Having failed to hear the CBSO in person since Mirga Gražinytė-Tyla took over the baton from Andris Nelsons, I was sorry to open my programme to find a note introducing the orchestra's Assistant Conductor, Jonathan Bloxham, covering for a presumably unwell Mirga. Despite best efforts, it was difficult to look past this and hear the music on its own merits, without looking for some deficiency as a result of the Music Director's absence. Bloxham, though, filled the gap with utmost assurance and skill.
It is unclear how much of the considerable individuality of tonight's readings of Wagner, Schumann and Beethoven staples was down to the late substitute, and one suspects this orchestra can probably play itself in such familiar repertoire, but there was a great deal to appreciate in each work. The varied programme, offering a reverse tour from the peak of Romanticism to some of its earliest mutterings, showed the orchestra’s sound in a multitude of lights, scrutinising their tone with natural trumpets and manual timpani as much as the rich, vibrato-laden colours of Tristan.
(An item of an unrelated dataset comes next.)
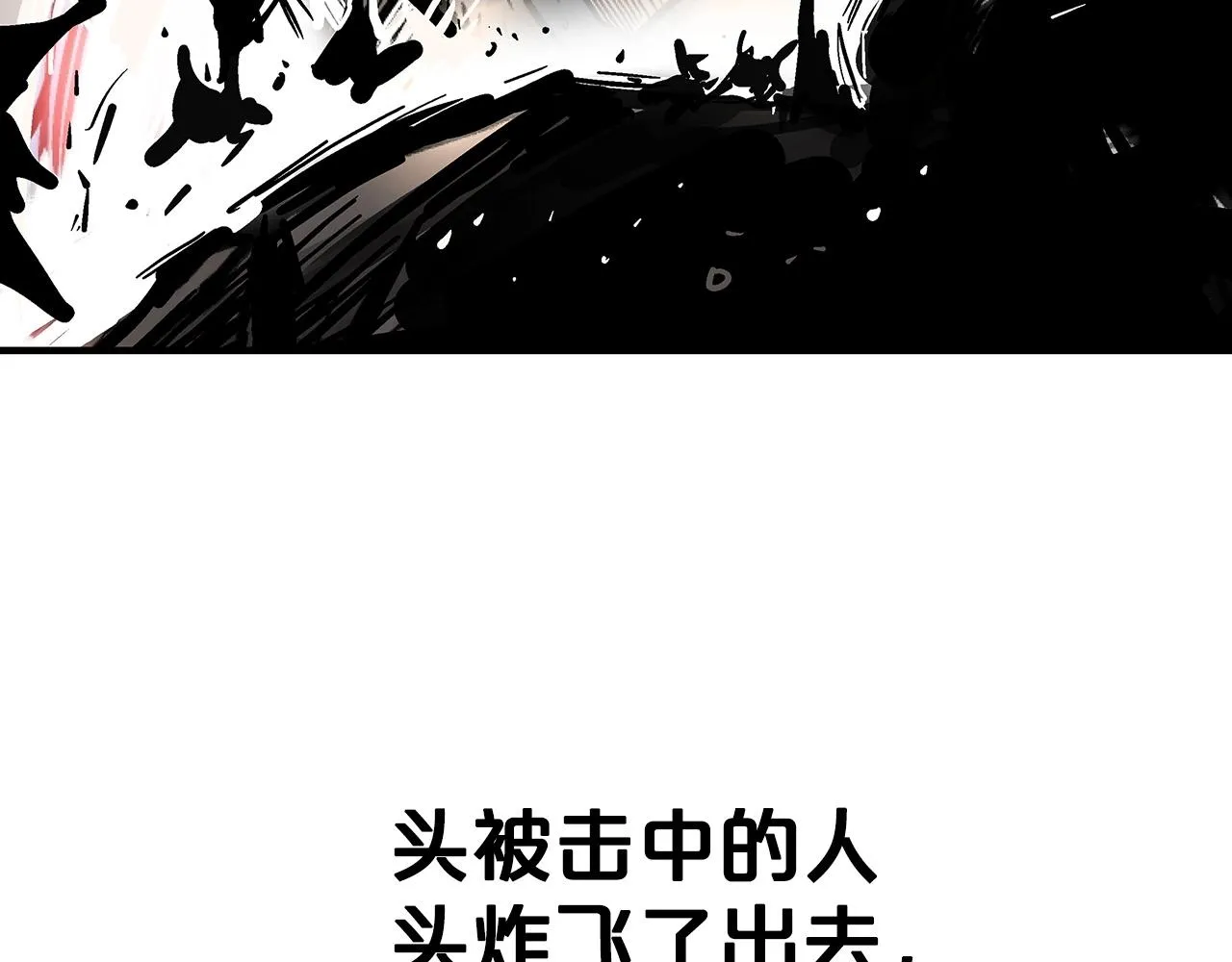 第99话 开战！ 第74页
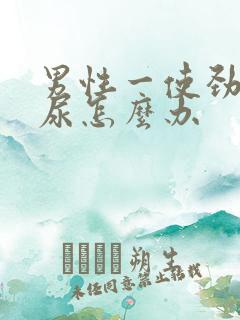 男性一使劲就漏尿怎么办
Rather than luscious textural thickness, though, it was the transparent fragility of the strings which opened the evening, tiptoeing softly into the famous “Tristan chord”. Despite playing with a slightly reduced section of 50 players, there was a beautifully rich bloom on the sound, spread wide across the stage with violin sections seated opposite each other (a new development since Nelsons’ tenure). The sopranoless “Liebestod” found a magical sheen in the violin tremelos and high winds. Despite quick tempi, the sound remained a considerable distance behind Bloxham’s beat, which accentuated the sense that the great climactic cadence minutes from the end of the opera hung in the air for an eternity. With happy memories of their fantastic Dutchman five years ago in Birmingham, I would love to hear this orchestra play the other four hours of this opera.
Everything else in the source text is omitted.